Spam in Google Analytics is now common, high volume, and a serious nuisance. But most of it is easy to defeat, if you know how.
Why this article?
I’m not the first to write about this. There are several excellent articles that explain what the spam is, and what to do about it, such as https://moz.com/blog/stop-ghost-spam-in-google-analytics-with-one-filter and https://blog.kissmetrics.com/removing-google-analytics-referral-spam/. However some of these are a little out of date. For example, you might be advised to watch for new sessions with one page view; spammers are now more sneaky and most of the spam I see no longer fits that profile.
Although there’s good information to be found, many Analytics accounts still suffer from Analytics spam. By explaining using different words, I hope this article will help you understand what to do.
What is it?
Analytics spam is data in your Google Analytics reports that isn’t from genuine website visitors.
There’s a lot of reasons spammers do this. Perhaps to generate income from fake affiliate traffic.
Why does it matter?
If you use Google Analytics to help make business decisions, you should care about analytics spam. It makes your website look busier than it really is, and makes you think traffic is coming from places it isn’t.
Recently I’ve seen a lot of spam traffic purporting to be organic traffic from Google. On one website, more than 60% of the traffic labelled as organic and from Google was actually spam traffic. Yes, that website was actually receiving less than half the organic traffic the owner thought.
How does it happen?
Spam traffic can be split into two groups: ghost spam, and the rest. Most of your spam traffic, typically 95% or more, is likely to be ghost spam.
Ghost spam is created by a program that sends data directly to Google Analytics, without ever visiting your website. So changing settings on your website won’t affect ghost spam; don’t bother editing .htaccess or anything like that in an attempt to block it.

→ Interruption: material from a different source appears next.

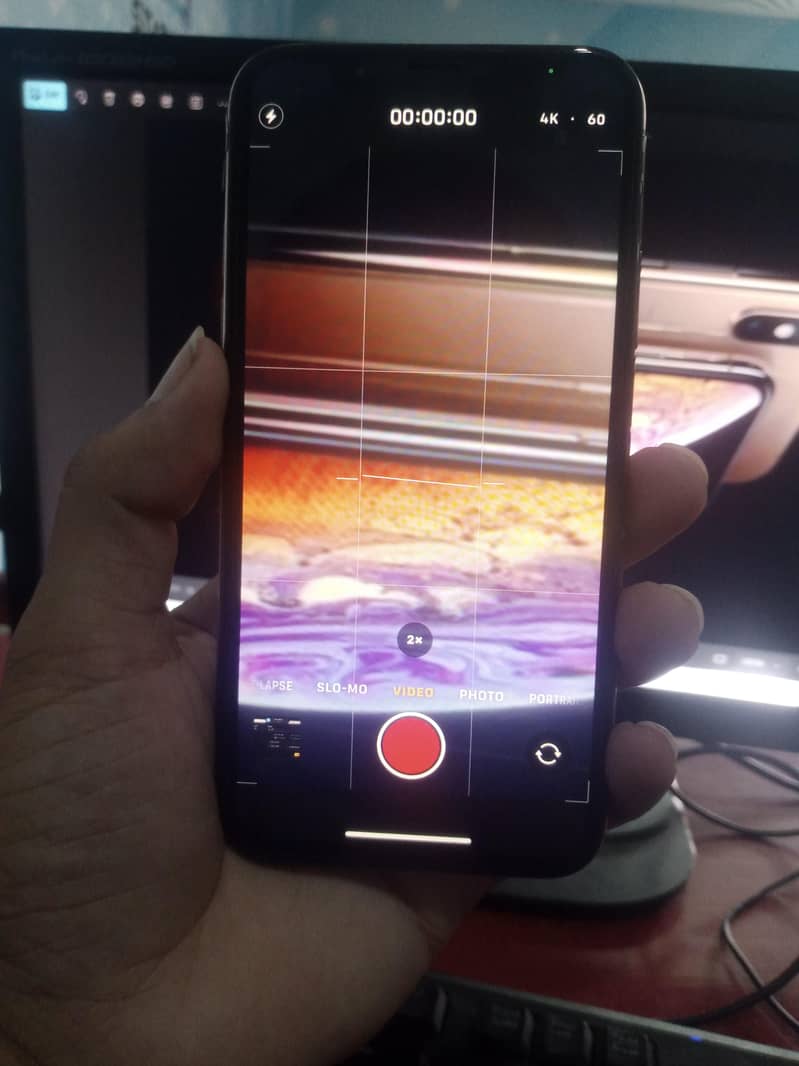 Apple iPhone XS 3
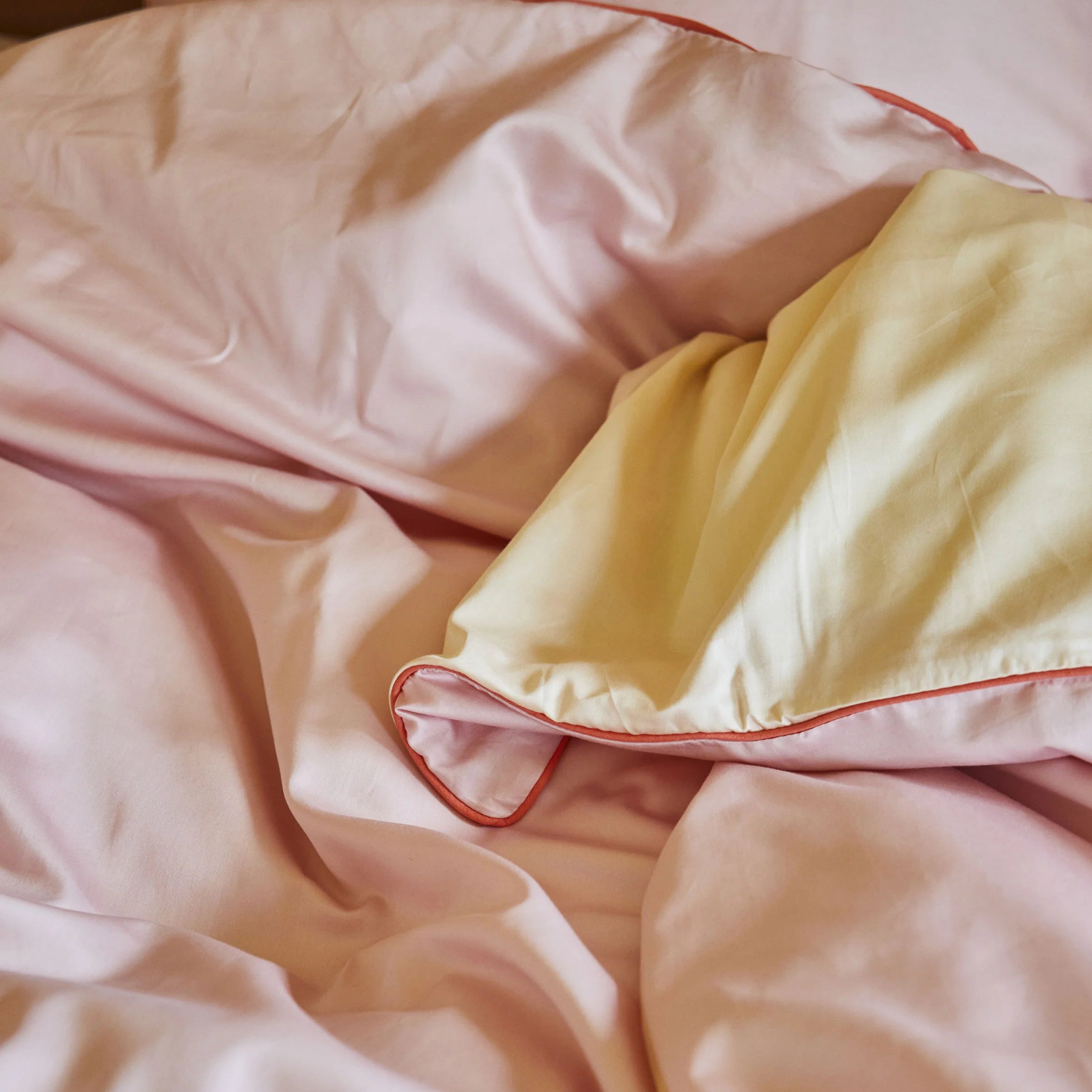 Bomuldssatin dyne- Light pink & cream 140x200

The other type of spam, commonly known as referral spam, does indeed visit your website (ghost spam can look like referral spam if you don’t know what to look for). But even for spam traffic that does visit your website, blocking at the website is usually the wrong approach. Blocking visitors using .htaccess or a similar mechanism will slow down your website for genuine visitors, potentially more so than simply accepting the spam traffic. The reasons are technical, so I won’t elaborate here. Contact me if you’d like more detail about why. (Hint: the Apache documentation recommends avoiding .htaccess if you can).
What to do?
The good news is that removing future ghost spam is easy to do. One Google Analytics filter will do it.
The instructions at https://moz.com/blog/stop-ghost-spam-in-google-analytics-with-one-filter under the heading You only need one filter to deal with ghost spam will, in one fell swoop, remove all of your future ghost spam from your filtered Analytics view.
Be very careful you follow the instructions correctly, especially when creating the regular expression. A single minor typo here can prevent the filter working as intended. In particular, make sure you put the . (periods), | (pipes) and \ (backslashes) in the right places.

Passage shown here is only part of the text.